Divert your attention
What if you suddenly feel nervous, excited, or capricious? You can focus your attention on other things. What I do is write it down on a piece of paper, or in my journal (yes, I still keep a journal). Or you can listen to good music or watch a good show – just avoid reaching for popcorn. Or, if it’s possible and safe to do so, you can go out for a walk. Walk calmly and breathe. Do something that can focus your attention on something other than eating, except of course when you’re REALLY hungry.

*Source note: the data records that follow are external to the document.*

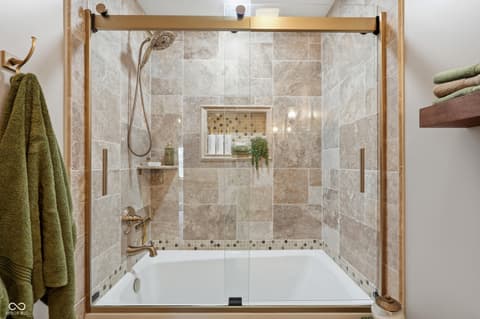 Photo of 12815 Forsyth Street, Carmel, IN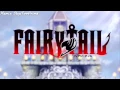 Download Lagu Fairy Tail Opening 17 by Do as Infinity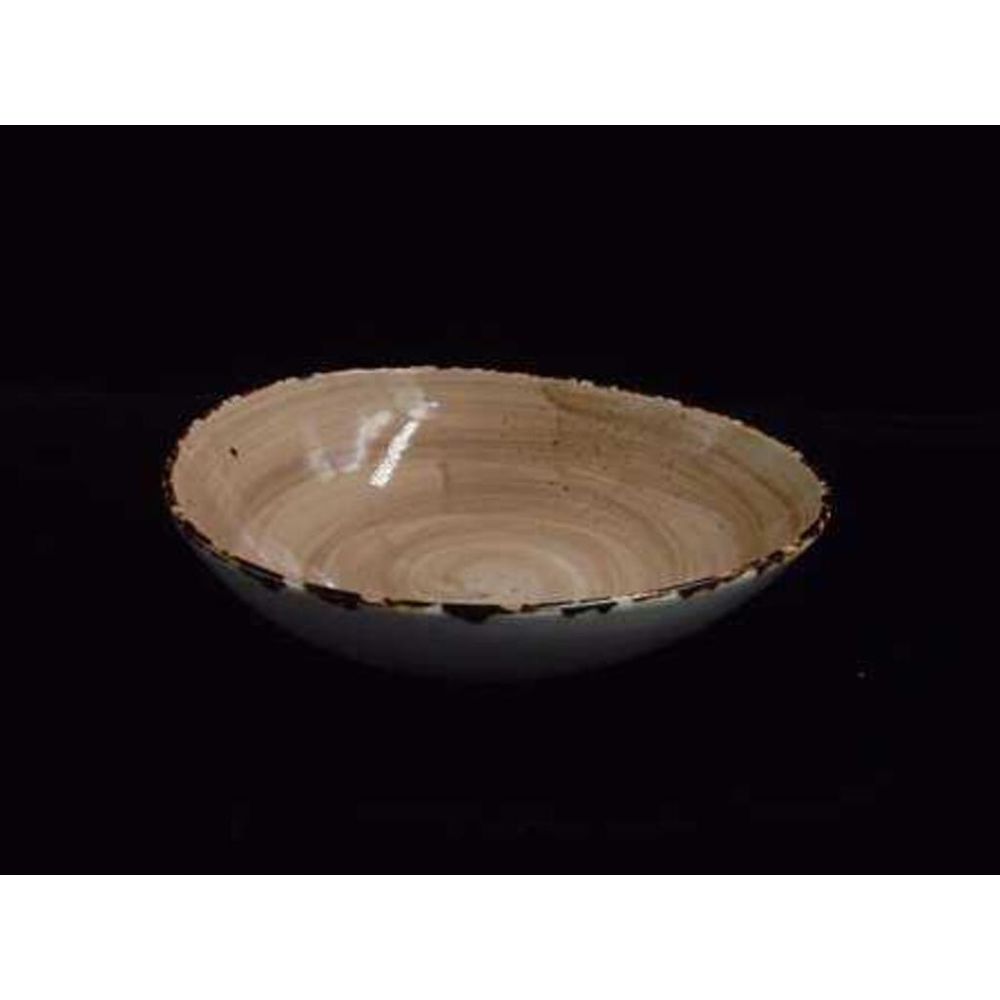 Салатник 200 мл 13,5*11*4,5 см   P.L. Proff Cuisine [12]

I’ve never been away from ice cream, donuts, cakes, chocolates and other sweet things that I love. Overcoming compulsive eating doesn’t mean you have to let go of the things you enjoy (at least, that’s what I think). What I do is that I rarely eat them and only eat them to reward myself. Like when I managed to finish all my DIY wedding invitations, I felt happy and thought I deserved a reward. So I got three scoops of my favorite ice cream. Yes, I still had the ice cream but I didn’t consume the whole tub. I drank three scoops because I think I deserved it. And that was all.
Overcoming emotional eating is not an easy task. In some cases, it may be necessary to seek professional advice to help you improve your well-being through relaxing procedures, sharpening your critical thinking skills and controlling your emotions. Seek professional help and involve your family as well.
Just to remind you that I’m not a professional. I’m just sharing my experience. It would be best to speak to a specialist in this field.
And you? Have you been a compulsive eater? How did you overcome emotional eating? Feel free to share your comments and suggestions in the comment section. Thanks for reading!